2 Flushes in Hold Em?

There are 10 different cases where both of your hole cards are suited and nobody else has two cards of the same suit as yours:
1. Nobody else has a card of the suit
2. One other player has one card of that suit
3. Two other players have one card of that suit
...
10. All nine other players have one card of that suit

Note that (A)C(B) = combin(A,B)

Case 10 has (39)C(2) x (37)C(2) x ... x (23)C(2) possible cases
For case 1, there are (9)C(1) = 9 possible hands that have the one card of that suit, 11 cards of that suit, 39 cards not of that suit that can be the other card, and (38)C(2) x (36)C(2) x ... x (24)C(2) possibilities for the other eight hands
Note this equals the case 10 value x 9 / 1 x 11 / (22 x 2)
For case 2, there are (9)C(2) = 36 possible hands that have one card of that suit, 11 x 39 possible "first hand" pairs, 10 x 38 possible "second hand" pairs, and (37)C(2) x (35)C(2) x ... x (25)C(2) possibilities for the other seven hands
This equals the case 9 value x 8 / 2 x 10 / (23 x 2)
Similarly, for cases 3 through 9, the case N value = the case (N - 1) value x (10 - N) / N x (12 - N) / ((21 + N) x 2).
Add these up, and divide by the total number of deals of the other 9 players, which is (50)C(2) x (48)C(2) x ... x (32)C(2), and you get a probability of 64.51% that no one else has 2 cards of your suit, which means the probability that at least one other player does is (100 - 64.51) = 35.49%.
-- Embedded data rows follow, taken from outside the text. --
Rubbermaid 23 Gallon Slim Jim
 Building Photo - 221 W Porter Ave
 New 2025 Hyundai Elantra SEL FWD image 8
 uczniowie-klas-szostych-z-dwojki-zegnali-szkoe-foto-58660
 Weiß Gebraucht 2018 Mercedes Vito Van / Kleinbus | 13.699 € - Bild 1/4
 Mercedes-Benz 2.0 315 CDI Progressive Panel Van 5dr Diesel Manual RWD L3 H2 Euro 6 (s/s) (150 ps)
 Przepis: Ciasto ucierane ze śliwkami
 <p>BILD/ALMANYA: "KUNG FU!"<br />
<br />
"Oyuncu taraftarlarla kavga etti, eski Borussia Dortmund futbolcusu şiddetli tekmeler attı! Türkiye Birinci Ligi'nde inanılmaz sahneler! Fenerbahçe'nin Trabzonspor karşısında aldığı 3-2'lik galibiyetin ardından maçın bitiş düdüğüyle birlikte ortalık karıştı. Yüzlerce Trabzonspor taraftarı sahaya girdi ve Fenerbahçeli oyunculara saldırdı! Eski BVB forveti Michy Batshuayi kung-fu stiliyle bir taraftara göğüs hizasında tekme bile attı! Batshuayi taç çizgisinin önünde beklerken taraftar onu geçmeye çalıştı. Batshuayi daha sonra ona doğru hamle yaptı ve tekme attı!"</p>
Note that this is the probability that no one else has 2 cards of your suit after assuming that you have 2 suited cards.
In other words, if you have two suited cards, there is a 35.49% chance that at least one other player has 2 cards of the same suit as yours as well.
This does not take into account the probability of you having two suited cards in the first place.

Yes, I did run a simulation to check that value this time...

Hiding the answers in case others want to work them out I suppose? =P

So for part 2 you're asking what effect someone else having your suited cards would have on you drawing at a flush draw? Pretty simple... There would be 2 less outs for each of you to hit your flush (not caring whose is higher). Say you have 2 suited cards and the player next to you had 2 suited cards... ignoring if other players at the table have your suit or not (like BJ treating unseen cards as undealt cards), then you'd simply have 2 less outs to hit.

Typically when you have 2 suited cards and don't know anyone else's cards you assume you have 9 outs (2 in your had, 2 somewhere on the board, and 9 remaining of that suit in the deck). Going to the river there are 4 community cards, and your 2 hole cards out of the deck, thus you have 9/(52-6) chance of hitting your flush... 9/46 =19.57% chance.

IF someone else also had 2 of your suit (again, regardless of whose is higher) then that would simply take 2 outs away form both of you... Now your chance of catching the flush on the river would be 7/44 = 15.91% chance to hit a flush. So the net change of someone else having 2 of the same suit is "about" 3.5%.